You don't have to be a construction worker to fear falling, especially when the seasons change and summer transitions into fall. As beautiful as a Rhode Island autumn may be, it also brings its share of dangers. Daylight hours are fewer, and walking on any surface may be treacherous.

If you have fallen at work, your first instinct may be to blame your own clumsiness or to point to the weather conditions. Fortunately, workers' compensation is available even if the fall resulted from your own lack of coordination. However, there are steps your employer can take to prevent such accidents.

Autumn safety at work

Your safety should be a top concern for your employer. For this reason, your employer may have periodic safety training reviews, provide appropriate personal protection and insist on the highest standards of care during the work hours. Falling is the most common workplace injury, accounting for about 20 percent of fatal workplace accidents. Even if you do not work in a high-fall-risk industry, the chances of suffering a work-related fall injury always exist.
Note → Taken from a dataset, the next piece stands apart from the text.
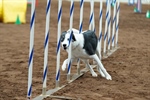 AKC Agility Trial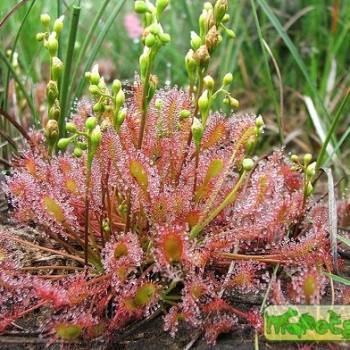 Drosera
When the weather turns cooler, you may be at risk of falling simply by walking from your car to the office building. Some common hazards you may experience at this time of year include the following:

  • Wet leaves on sidewalks or paths can quickly become damp and slippery.
  • Clusters of leaves may cover tripping hazards, such as uneven sidewalks or potholes.
  • Ice and snow on parking lots, sidewalks and steps result in countless brain injuries after violent falls.
  • Tracking snow or wet leaves into a building may create slick spots on the floor.

If your employer is also the owner of the building where you work, he or she may make slip-and-fall hazard removal part of scheduled routines throughout the season. If you do fall on a slick surface at work, you should immediately notify your employer and file a claim for workers' compensation. An attorney can assist you at any step in this process.

If your employer does not own the building where you work, there is also the possibility that you have cause for a third-party claim. For example, if the owner of the building failed to clear the wet leaves from the sidewalk or salt the parking lot after an ice storm, the property owner may be responsible for your injuries. An experienced attorney can evaluate your case and provide you with guidance for your best options.